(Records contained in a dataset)
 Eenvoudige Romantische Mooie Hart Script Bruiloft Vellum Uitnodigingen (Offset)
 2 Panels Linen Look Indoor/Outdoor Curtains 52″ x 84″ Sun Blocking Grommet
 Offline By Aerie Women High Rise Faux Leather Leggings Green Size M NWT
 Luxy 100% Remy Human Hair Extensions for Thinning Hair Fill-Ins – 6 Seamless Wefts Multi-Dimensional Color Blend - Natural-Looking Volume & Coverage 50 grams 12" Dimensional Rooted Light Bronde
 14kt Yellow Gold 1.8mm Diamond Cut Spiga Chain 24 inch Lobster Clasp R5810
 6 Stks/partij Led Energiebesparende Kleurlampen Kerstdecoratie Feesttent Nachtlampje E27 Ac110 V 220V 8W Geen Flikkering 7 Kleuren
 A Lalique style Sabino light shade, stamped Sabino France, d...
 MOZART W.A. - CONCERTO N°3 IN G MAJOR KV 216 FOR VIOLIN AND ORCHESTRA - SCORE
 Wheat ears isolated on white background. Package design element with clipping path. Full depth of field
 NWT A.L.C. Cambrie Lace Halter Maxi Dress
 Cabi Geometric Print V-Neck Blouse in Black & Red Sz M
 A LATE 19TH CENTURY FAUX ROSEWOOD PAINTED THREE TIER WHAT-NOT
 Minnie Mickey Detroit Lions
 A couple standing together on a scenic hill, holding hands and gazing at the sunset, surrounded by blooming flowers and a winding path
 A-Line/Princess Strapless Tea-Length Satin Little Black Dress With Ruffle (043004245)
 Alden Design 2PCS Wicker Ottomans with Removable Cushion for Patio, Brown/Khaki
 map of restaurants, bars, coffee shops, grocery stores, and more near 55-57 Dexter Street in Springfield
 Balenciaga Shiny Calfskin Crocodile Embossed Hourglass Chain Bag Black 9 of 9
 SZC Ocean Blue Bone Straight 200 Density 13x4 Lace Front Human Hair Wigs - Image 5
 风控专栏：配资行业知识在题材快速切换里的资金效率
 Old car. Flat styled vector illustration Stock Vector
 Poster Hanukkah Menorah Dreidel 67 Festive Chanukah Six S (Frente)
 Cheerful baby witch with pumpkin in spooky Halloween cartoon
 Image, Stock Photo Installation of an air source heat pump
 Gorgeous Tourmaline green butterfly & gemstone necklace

TASK DIRECTIONS:
Please repeat word for word the lines above that run from the beginning through the line containing "Balenciaga Shiny Calfskin", keeping both the first and that last line.

SOLUTION TO THE PROBLEM:
 Eenvoudige Romantische Mooie Hart Script Bruiloft Vellum Uitnodigingen (Offset)
 2 Panels Linen Look Indoor/Outdoor Curtains 52″ x 84″ Sun Blocking Grommet
 Offline By Aerie Women High Rise Faux Leather Leggings Green Size M NWT
 Luxy 100% Remy Human Hair Extensions for Thinning Hair Fill-Ins – 6 Seamless Wefts Multi-Dimensional Color Blend - Natural-Looking Volume & Coverage 50 grams 12" Dimensional Rooted Light Bronde
 14kt Yellow Gold 1.8mm Diamond Cut Spiga Chain 24 inch Lobster Clasp R5810
 6 Stks/partij Led Energiebesparende Kleurlampen Kerstdecoratie Feesttent Nachtlampje E27 Ac110 V 220V 8W Geen Flikkering 7 Kleuren
 A Lalique style Sabino light shade, stamped Sabino France, d...
 MOZART W.A. - CONCERTO N°3 IN G MAJOR KV 216 FOR VIOLIN AND ORCHESTRA - SCORE
 Wheat ears isolated on white background. Package design element with clipping path. Full depth of field
 NWT A.L.C. Cambrie Lace Halter Maxi Dress
 Cabi Geometric Print V-Neck Blouse in Black & Red Sz M
 A LATE 19TH CENTURY FAUX ROSEWOOD PAINTED THREE TIER WHAT-NOT
 Minnie Mickey Detroit Lions
 A couple standing together on a scenic hill, holding hands and gazing at the sunset, surrounded by blooming flowers and a winding path
 A-Line/Princess Strapless Tea-Length Satin Little Black Dress With Ruffle (043004245)
 Alden Design 2PCS Wicker Ottomans with Removable Cushion for Patio, Brown/Khaki
 map of restaurants, bars, coffee shops, grocery stores, and more near 55-57 Dexter Street in Springfield
 Balenciaga Shiny Calfskin Crocodile Embossed Hourglass Chain Bag Black 9 of 9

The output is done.